Example: planning for a $700K home
Here is how you might plan earnest money for a $700,000 purchase in Seattle:
- Normal market: 1% deposit, about $7,000.
- Competitive market: 2% to 3%, about $14,000 to $21,000.
- Aggressive multiple‑offer scenario: 3% to 5% or more, depending on your risk tolerance and strategy.
In each case, make sure the contract reflects the right contingencies for your situation and that you understand the deadlines. Confirm where the money will be held and how it will be delivered. Protect your deposit by following the notice requirements exactly.
Final thoughts
Earnest money is a powerful tool in Seattle’s market. The right amount helps your offer stand out, and the right contract terms protect your deposit if you need to cancel within your contingencies. Plan your cash, verify wire details, and meet every deadline. That is how you keep your purchase on track and your deposit secure.

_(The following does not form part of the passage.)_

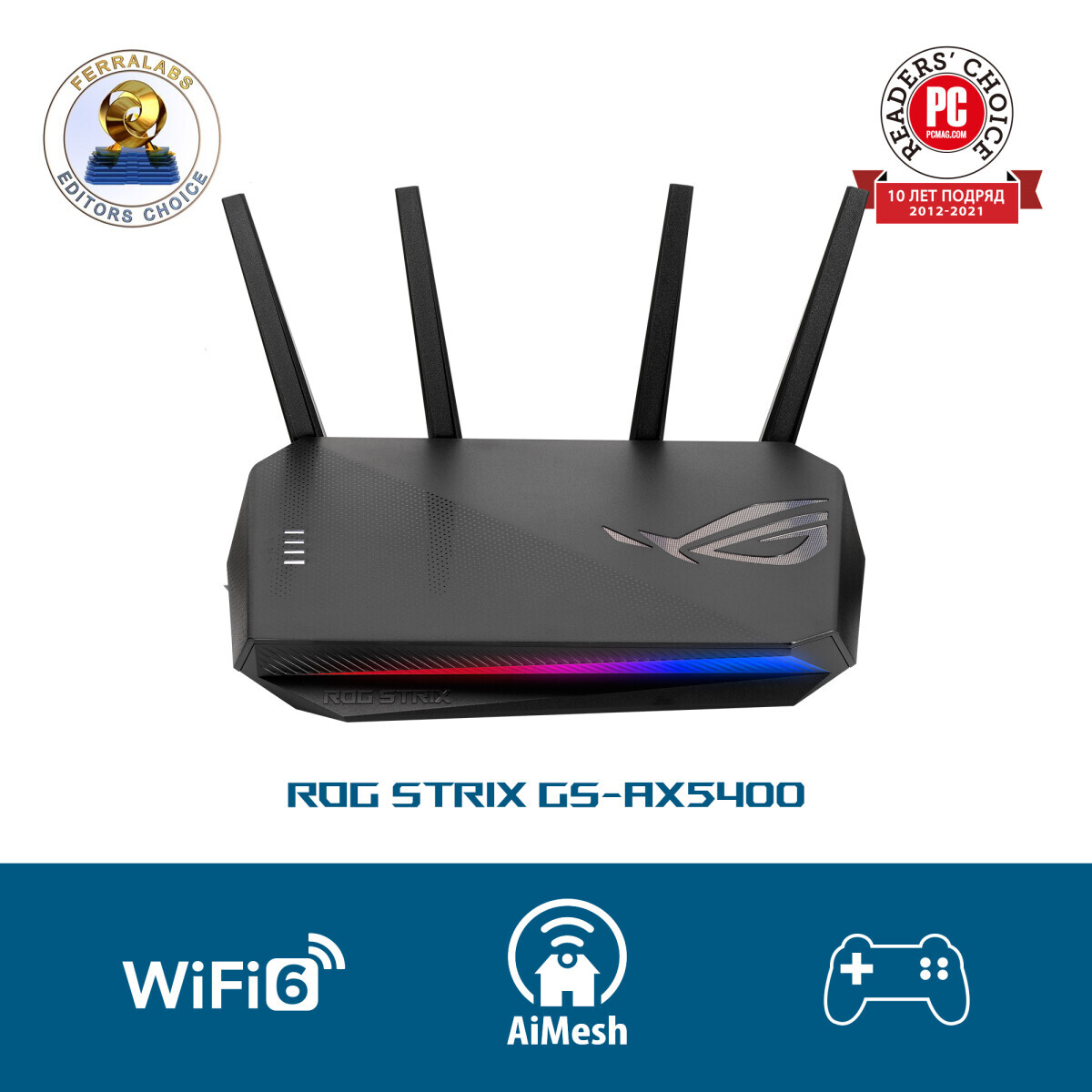 Wi-Fi маршрутизатор (роутер) ASUS ROG Strix GS-AX5400 - фото 9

If you want local, step‑by‑step guidance on deposit strategy and offer terms across Greater Seattle and the Eastside, reach out to Spruce Home Group. We will walk you through timelines, contingencies, and negotiation options so you can move forward with confidence.
FAQs
How much earnest money is common in Seattle?
- About 1% to 3% is common. In multiple‑offer situations, 2% to 5% or more can be used to strengthen an offer.
Is earnest money different from the down payment?
- Yes. It is a deposit credited to you at closing. Your down payment is paid at closing and reflects how much you are financing.
When do I pay earnest money in Washington?
- After mutual acceptance. The contract sets the deadline, commonly 1 to 3 business days, but it depends on what is written in your agreement.
When is earnest money refundable in Seattle?
- It is typically refundable if you cancel under a valid contingency on time, such as inspection, financing, appraisal, or title issues.
Can the seller keep my deposit if I default?
- Possibly. If you default after removing contingencies or after deadlines, contracts often allow the seller to claim the deposit, sometimes as liquidated damages.
What if we disagree about releasing the funds?
- Escrow usually holds the deposit until both parties sign a release or a court or arbitrator directs disbursement.